Title: Simulate Data for Discrete Choice Experiments
Version: 0.3.0
Description: Supports simulating choice experiment data for given designs. It helps to quickly test different designs against each other and compare the performance of new models. The goal of 'simulateDCE' is to make it easy to simulate choice experiment datasets using designs from 'NGENE', 'idefix' or 'spdesign'. You have to store the design file(s) in a sub-directory and need to specify certain parameters and the utility functions for the data generating process. For more details on choice experiments see Mariel et al. (2021) <doi:10.1007/978-3-030-62669-3>.
License: MIT + file LICENSE
Encoding: UTF-8
RoxygenNote: 7.3.2
Imports: dplyr (≥ 1.1.4), evd, formula.tools, ggplot2, kableExtra, magrittr, mixl, psych, purrr, readr, rmarkdown, stats, utils, stringr, tibble, tictoc, tidyr, future, furrr, qs, data.table
Suggests: knitr, testthat (≥ 3.0.0), rlang
Config/testthat/edition: 3
Depends: R (≥ 4.1.0)
VignetteBuilder: knitr
NeedsCompilation: no
Packaged: 2025-07-05 12:59:50 UTC; dj44vuri
Author: Julian Sagebiel ORCID iD [aut, cre]
Maintainer: Julian Sagebiel <julian.sagebiel@idiv.de>
Repository: CRAN
Date/Publication: 2025-07-09 10:30:02 UTC

Pipe operator

Description

See magrittr::%>% for details.

Usage

lhs %>% rhs

Arguments

lhs

A value or the magrittr placeholder.

rhs

A function call using the magrittr semantics.

Value

The result of calling rhs(lhs).


Aggregate Simulation Results

Description

Processes the simulation results to extract summaries, coefficients, and graphs.

Usage

aggregateResults(all_designs, fromfolder = NULL)

Arguments

all_designs

A list of simulation results from sim_choice. Can contain different designs but need to have the common structure returned by simchoice

fromfolder

A folder from where to read simulations. If provided, the function will read all .qs files from the folder and process them. The files are usually saved by your earlier work and should be qs files as they are more efficient that rds files.

Value

A list with aggregated results including summary, coefficients, graphs, and power.

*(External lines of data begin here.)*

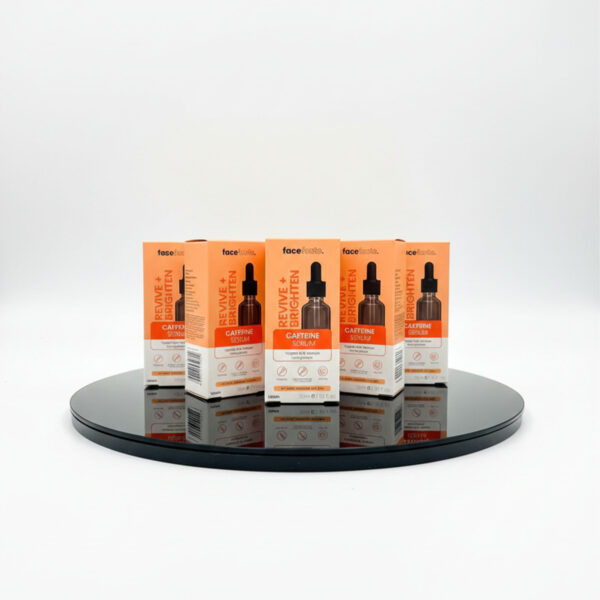 Face Facts Revive & Brighten Energising Caffeine Facial Serum.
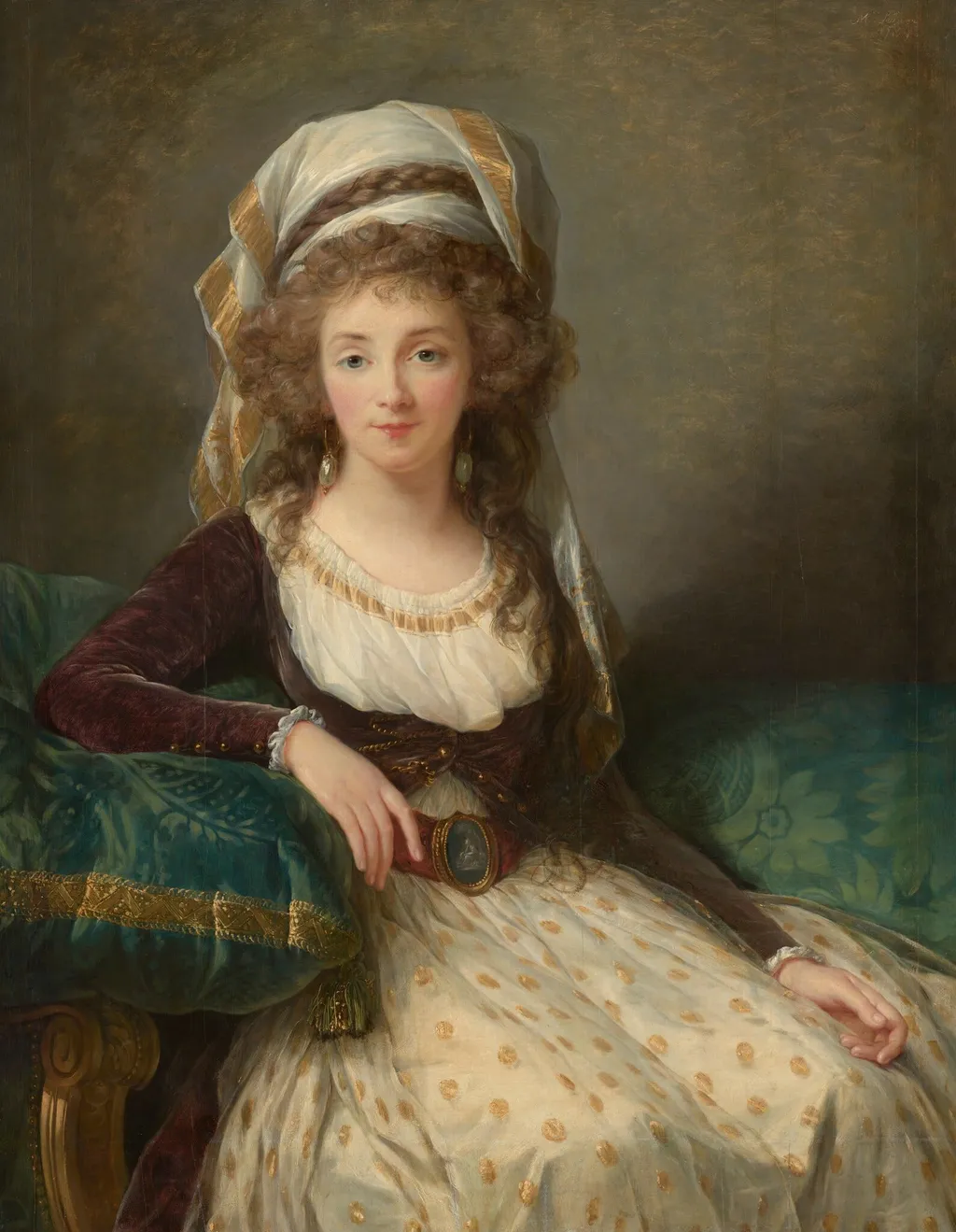 Madame d'Aguesseau de Fresnes, by Élisabeth Louise Vigée Le Brun, oil, 1789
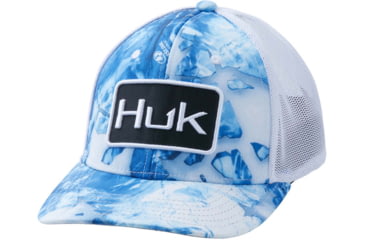 Casquette Huk Performance Stretch Camouflage Bleu - Taille L-XL, Pêcheur/outdoor - Occasion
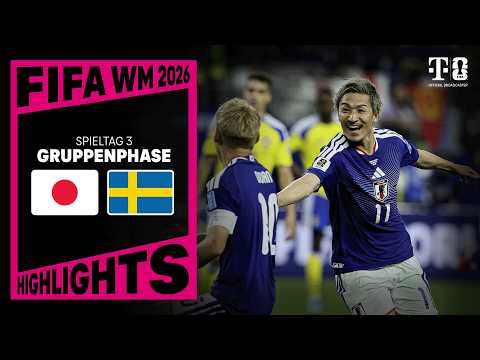 Japan - Schweden | Highlights FIFA WM 2026 | MAGENTA SPORT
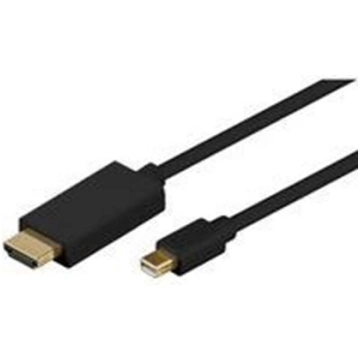 MicroConnect Mini Displayport-HDMI M-M 3m incl. au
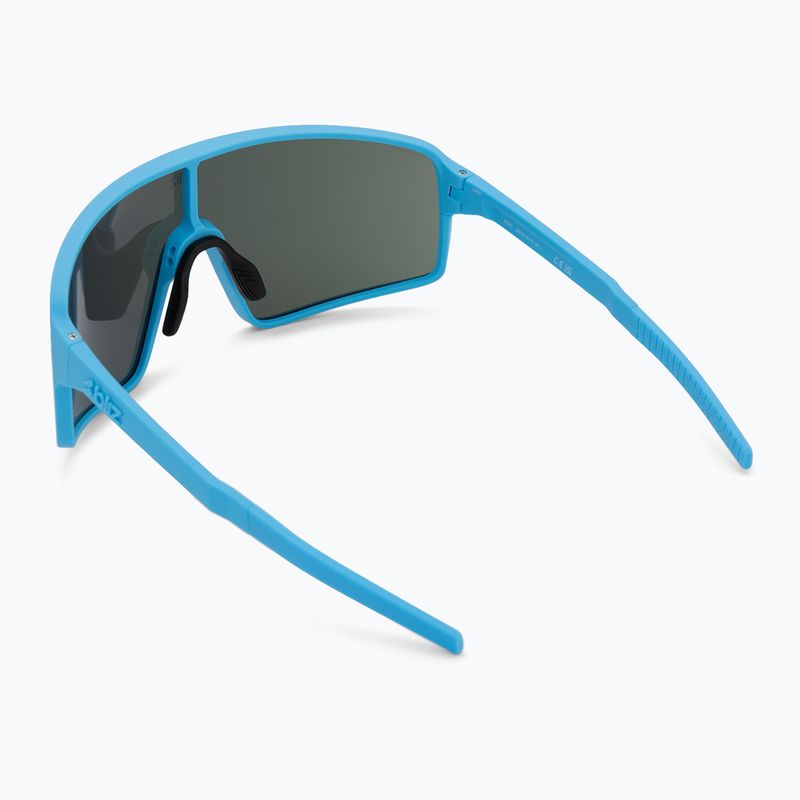 Окуляри сонцезахисні Bliz P001 matte blue/grey blue mirror 2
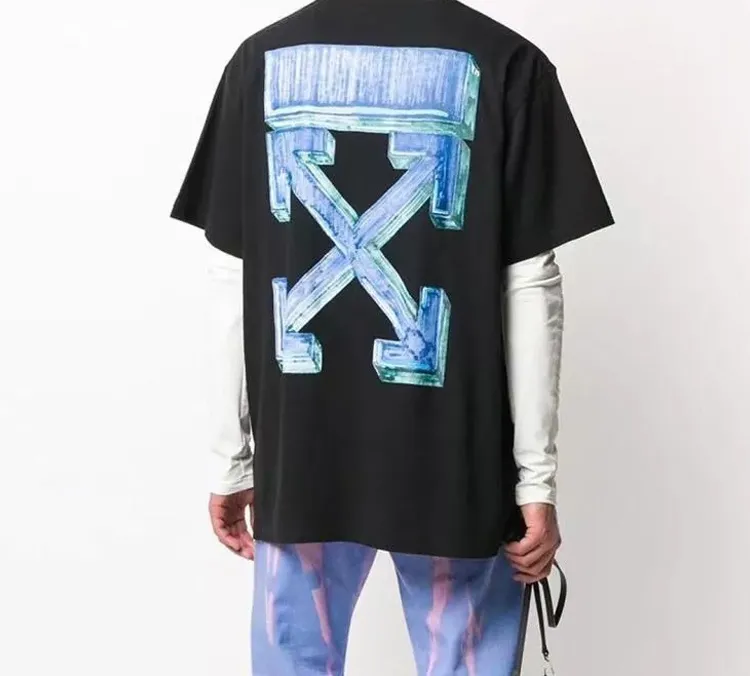 OFF WHITE Marker Blue Arrows Oversized Tee-3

Create a Dataset for Choice Experiment Analysis

Description

This function takes a design matrix and generates a dataset for use in choice experiments. It handles blocks, replicates the design for the number of respondents, and assigns respondent IDs.

Usage

createDataset(design, respondents)

Arguments

design

A data frame containing the design matrix for the choice experiment. It should include at least the columns Choice.situation and optionally Block.

respondents

The number of respondents to generate data for.

Details

The function performs the following steps:

Value

A data frame containing the augmented design matrix with additional columns:

ID

A unique identifier for each respondent.

Choice.situation

The original choice situations, replicated for respondents.

Other columns

All original columns in the input design are retained.

Examples

# Example usage:
design <- data.frame(
  Choice.situation = rep(1:12),
  Attribute1 = rnorm(12),
  Attribute2 = sample(1:3, 12, replace = TRUE)
)
result <- createDataset(design, 10)

Title Extracts beta values from an spdesign object

Description

Title Extracts beta values from an spdesign object

Usage

extract_b_values(input_list)

Arguments

input_list

the list where the parameters are stored. Usually this is design$utility

Value

A named list with parameter values which can be used in sim_all

Examples

d <- system.file("extdata", "CSA", "linear", "BLIeff.RDS", package = "simulateDCE")
extract_b_values(readRDS(d)$utility)


Modify bcoeff Names

Description

This function modifies the names of beta coefficients (bcoeff) by removing dots and underscores to ensure consistent naming. If the names are already modified, the function skips processing.

Usage

modify_bcoeff_names(bcoeff)

Arguments

bcoeff

A named list of beta coefficients. The names of this list are the coefficients used in the utility function.

Value

A list containing:

bcoeff

The modified bcoeff list with updated names.

bcoeff_lookup

A tibble mapping the original names to the modified names.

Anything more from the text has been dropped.